Aux grands hommes le Parc reconnaissant

Quelques années plus tard, certains prêteront même à Philippe Séguin l’ambition de présider la FFF. Mais Séguin a préféré le service de l’État, sans jamais oublier d’aider le monde du football comme il l’a fait en présidant la Commission Grands Stades, qui a aidé à la préparation de l’Euro 2016, ou encore la Fondation du Football. À sa mort le 7 janvier 2010, c’est donc la classe politique, mais aussi la planète ballon rond qui rend un dernier hommage à la plus belle voix de la Ve République. La FFF se fend d’un communiqué touchant : « La grande famille du football français perd l’un des siens » , tandis que le site du Paris Saint-Germain salue sa mémoire au nom de tous les fans.

Mais Bertrand Delanoë, maire de Paris, décide d’aller plus loin, et propose de donner le nom de Philipe Séguin à la tribune présidentielle : « C’est une idée que j’ai eu pour honorer sa mémoire. Il le méritait tellement. Donner son nom à la tribune présidentielle était logique. C’était un grand monsieur. (… ) Sa mort a été inattendue, il a fallu trouver une idée vite. Le PSG a été immédiatement d’accord. » Les élus de gauche aussi, même si Séguin avait créé plus d’une controverse dans leurs rangs et qu’il s’était présenté contre Delanoë à la mairie de Paris en 2001. L’adjoint aux Sports du maire de Paris à l’époque, le communiste Jean Vuillermoz, se souvient que l’opération s’est déroulée sans accrocs : « La politique n’a pas pris le dessus. »

Les ultras frondeurs

Le club, la mairie, la famille de Philippe Séguin, tout le monde a donc immédiatement validé l’idée, et l’inauguration officielle de la tribune peut avoir lieu en avril 2011 à l’occasion de la 29e journée. Toute la capitale est conquise. Toute ? Non, un petit village d’irréductibles rebelles résiste encore et toujours à l’autorité. Une partie des ultras, again and again, s’insurge contre cet affront fait à leur stade, comme l’expliquait l’un des leaders du groupe les Lutèce Falco à Streetpress : « On n’est pas affectés. (…) Je ne sais pas à quelle période il s’est affiché comme supporter du PSG. Mais il faudrait voir si ce n’est pas quand il s’est présenté à la mairie de Paris. Il ne nous a jamais rendu service. Je ne suis pas sûr que son avis sur les ultras aille dans notre sens. » Peu importe, la « corbeille » Philippe Séguin subsiste, mieux remplie que jamais.

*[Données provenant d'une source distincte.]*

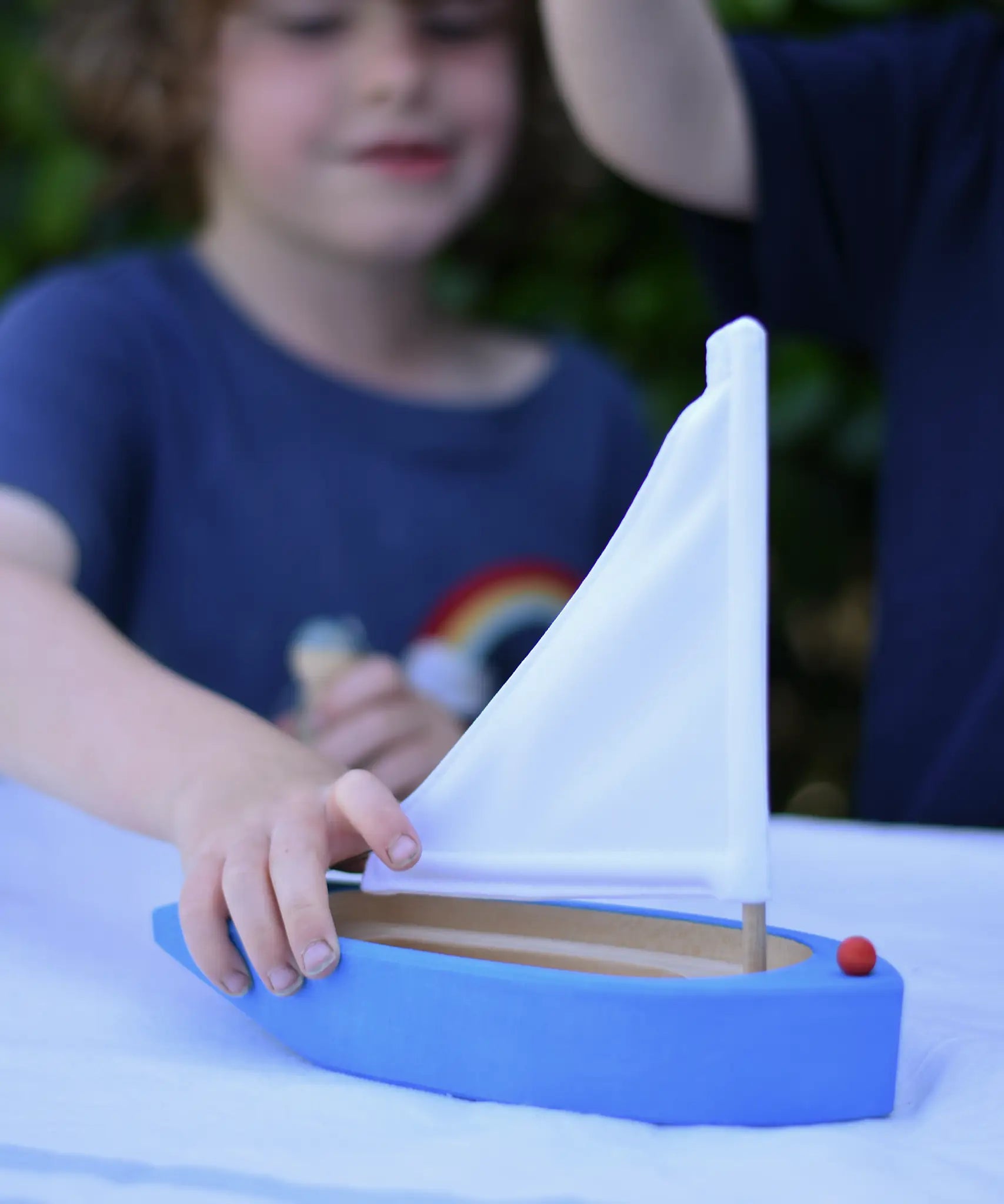 Child playing with the Glückskäfer wooden sailing ship in blue.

Et Jean Vuillermoz se souvient du temps où il arpentait les travées du Parc avec l’ancien président de l’Assemblée nationale en oubliant leurs différences politiques, en en parlant presque comme d’un vieil ami : « J’étais président du groupe communiste au Conseil de Paris. Lui présidait le groupe RPR. On se fréquentait au Conseil de Paris, mais aussi au Parc des Princes, où on échangeait en fumant une Gauloise, car il fumait des Gauloises. » Les Qataris sont prévenus. S’ils achètent l’arène de la porte d’Auteuil, ils récupéreront un peu de la mémoire de Philippe Séguin. Un petit peu de l’écho de sa voix aussi, qui doit encore résonner dans certains coins du stade. Ainsi qu’une belle brochette de VIP qui, pour la plupart, ne se souviennent même pas que, pendant des années, un homme qui aurait pu être président de la République était à leur place à se farcir des mauvais matchs sans jamais se lasser.